While the publication of Stephen C. Meyer's new book Darwin's Doubt is hailed with great fanfare at the Discovery Institute's news-outlet Evolution News, the appearance of this volume hasn't made their news yet - though Dembski and Meyer are both fellows of the Discovery Institute's Center for Science and Culture (granted, Meyer is its director). Only at Dembski's (former) blog, Uncommon Descent, there are two posts about the book: Instantly, there arose a discussion about Denyse O'Leary's (commenting under the nom de guerre "News") choice of title, where the usual combatants switched sides: the evolutionists claimed the title was designed to mislead the average reader to think that the Cornell University was somewhat involved in the conference, the apologists of Intelligent Design argued that this was just chance. Unfortunately, no one answered to my comment:
In the interest of discussing the data and the evidence, could we have posts on various articles of the book? I’d be quite interested in a thread on Chapter 1.1.2 “A General Theory of Information Cost Incurred by Successful Search” by William A. Dembski, Winston Ewert and Robert J. Marks II.

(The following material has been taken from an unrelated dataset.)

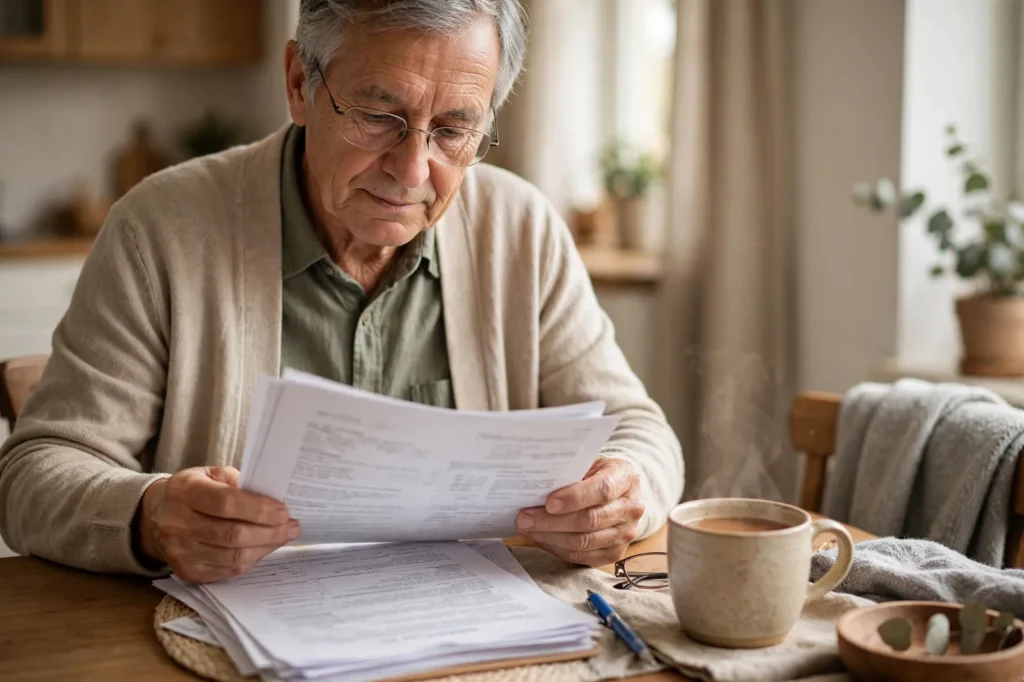 An older man reviewing his funeral insurance documents at home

I hope that the authors are still reading this blog: this way, we could have a productive discussion, and perhaps some questions could be answered by the people involved!

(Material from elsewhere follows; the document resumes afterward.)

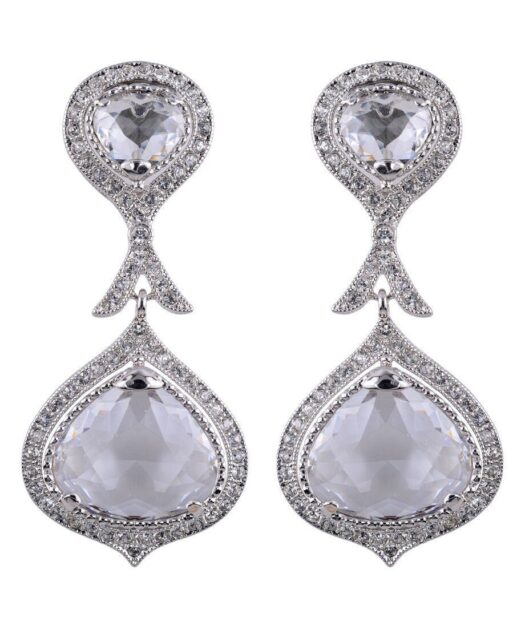 Pendientes largos Mediterráneo novia de plata con cristales brillantes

And for the sake of a swift exchange of ideas: could someone please release me from the moderation queue?
Maybe there is no interest in such a discussion at Uncommon Descent. Maybe no one read the comment - it was hold in the moderation queue for five days, and when it appeared, the article wasn't any longer at the front page. Therefore I'll start a number of posts on “A General Theory of Information Cost Incurred by Successful Search” here at my blog: I just can't believe that this peer-edited article would have been successfully peer-reviewed by Springer....

Friday, June 7, 2013

The initiator, the terminator, the inspector, the navigator, the nominator, and the discriminator...

Why, oh why, can't they use standard notations? More about this later...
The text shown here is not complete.